With the Obama administration taking over the reins of shaping the federal judiciary, will it endeavor to follow recent precedent in the hopes of restoring some balance to the bench? At least according to the initial tea leaves being read by The New York Times' Neil A. Lewis, perhaps not.
To fill a seat [on the Fourth Circuit] that traditionally goes to someone from Maryland, officials said the White House was considering nominating Andre Davis, a District Court judge based in Baltimore.There are several candidates for the Virginia seat, including Elizabeth Magill, a law professor at the University of Virginia and daughter of a former federal appeals court judge.
For the United States Court of Appeals for the Second Circuit, based in New York, officials said the White House had settled on elevating Judge Gerard E. Lynch, a Columbia law professor, from the District Court.
[...]
At least so far, the candidates being considered by the Obama White House for early nomination do not appear to have especially ideological profiles.

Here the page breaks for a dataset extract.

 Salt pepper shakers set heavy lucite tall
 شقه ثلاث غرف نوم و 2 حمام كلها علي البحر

I don't know anything about the three names floated above, so I can only take at face value the assertion that they "do not appear to have especially ideological profiles." But from what I am able to gather about them, they do, with the exception of Elizabeth Magill, differ from many of the appointees of the recent Republican administrations in a key area: Their age.
Judging by her CV, which states she graduated from Yale in 1988, Professor Magill appears to be somewhere in the neighborhood of 42 years of age, putting her in the range of the age of many of the Republican-appointees. Judge Gerard Lynch, however, is 57 or 58 years old, and judge Andre Davis is 60 years old.

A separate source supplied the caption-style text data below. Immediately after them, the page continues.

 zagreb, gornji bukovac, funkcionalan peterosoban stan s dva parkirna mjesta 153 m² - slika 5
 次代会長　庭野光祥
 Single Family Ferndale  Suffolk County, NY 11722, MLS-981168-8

This all isn't to say that the Obama administration would be well served by taking an ageist approach that leads to the selection of only those below the age of 45 or 50 to the federal circuit. The folly of such a strategy is so plain that it need not be expounded on. What's more, the administration shouldn't necessarily only pick ideologues for the bench, either. That said, considering that the composition of the federal judiciary is already more than 60 percent Republican nominees, many of whom are both young and strong conservatives, a strategy of excessive caution in nominations -- particularly with the largest Democratic majority the Senate has seen in nearly 30 years, and the most progressive Senate in generations -- does not appear warranted, either.